Ticknor helps train teachers and schools in how to be more "trauma-sensitive." She says everyone carries some level of trauma, and this trauma can drive people to use their "lizard brain." That is, the limbic system, which controls humans' instinctual 'fight or flight' response. 

It's referred to as the "lizard brain" because it's the oldest, most elemental part of the brain. (If you are a teacher or parent of a misbehaving child and you've likened them to an animal, you're not far off.) But Ticknor says understanding these cognitive processes can help in responding to children when they are unruly.

"Once you understand how trauma impacts the brain, you begin to develop empathy," she says. 

Trauma is "anything that overwhelms our capacity to cope," Ticknor says.
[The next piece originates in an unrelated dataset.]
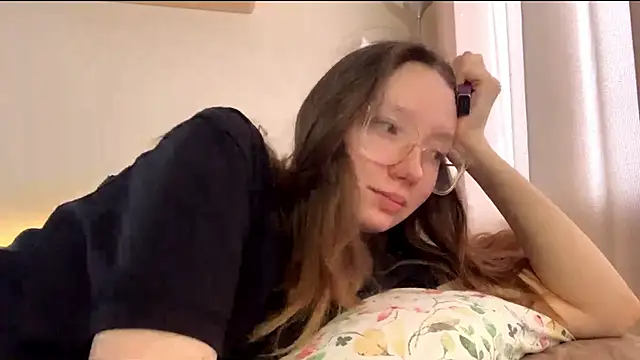 LakendraNoren online show from February 2026 06:11:01 AM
The less support a student has either at school or at home, the more difficult it is to cope. In this context, harsh punishment can create a negative feedback loop. 

"If we're disciplining in a way that is punishing, the punishment itself could actually become traumatizing. Verbal, physical, emotional triggers could re-traumatize them," she says. 

The trauma of punishment can linger, too. Several KCUR listeners reached out to discuss their negative memories of being disciplined in school, some dating back to the 1950s. 

"I remember being slapped across the face by my first grade teacher," one woman who did not want to be named says. "It had such a powerful impact that I remember it as if it had happened last week and it was in the 1953-54 school year." 

Likewise, Tobi Knight-Daiss of Kansas City says when she was in grade school, kids were often moved out into the hallway, given detentions and sometimes paddled. 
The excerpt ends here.